These distinctions go all the way to architecture. God is omnipresent – everywhere – but everything and everywhere is not holy in a fallen world. God’s presence is more vivified in particular places, less so in others. The Jews symbolized this in constructing the Holy of Holies in the temple. This sacred place vivified God’s holy presence. It was supposed to vivify holiness in believers. For centuries the church erected these kinds of sacred places, distinct settings necessary for shaping deep desires for holiness. People still experience this when visiting older cathedrals. They become reflective, solemn.

These sacred places took a backseat beginning in the European Reformation. According to McGilchrist, the Reformers “were keen to do away with the concrete instantiations of holiness in any one place or object.” Reacting to Roman formalism, the Reformers said the church existed literally everywhere, so “actual churches became less significant: every place was as good as any other in which to hold a service. The force of this was that every place was as holy as any other, provided the word of God could be proclaimed there, which by definition it could.”
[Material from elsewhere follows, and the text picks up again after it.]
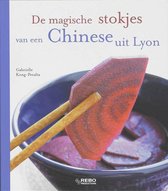 De Magische Stokjes Van Een Chinese Uit Lyon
Preaching is important, but as the sermon replaced the Eucharist as centerpiece of the service, “sacred centres gave way to centres of attention,” writes American art historian Joseph Koerner.3 He was referring to the physical layout of churches. The focus was no longer the altar and the sacraments, but the pulpit and the sermon. Spiritual formation became nothing more than information, writes Calvin College professor James K. A. Smith. And that information isn’t usually dispensed until midway through the service.

I recently observed this while visiting a well-known church in a major U.S. city. It met in a theater, offering several weekend services. I arrived early for the 10:00am service, having been told that over 2,000 people attend, filling every theater seat. That proved unnecessary. At 10:00am less than 50 people had moseyed in. By 10:15 a couple hundred had made it. By 10:30 the theater was nearly full – just in time for the sermon.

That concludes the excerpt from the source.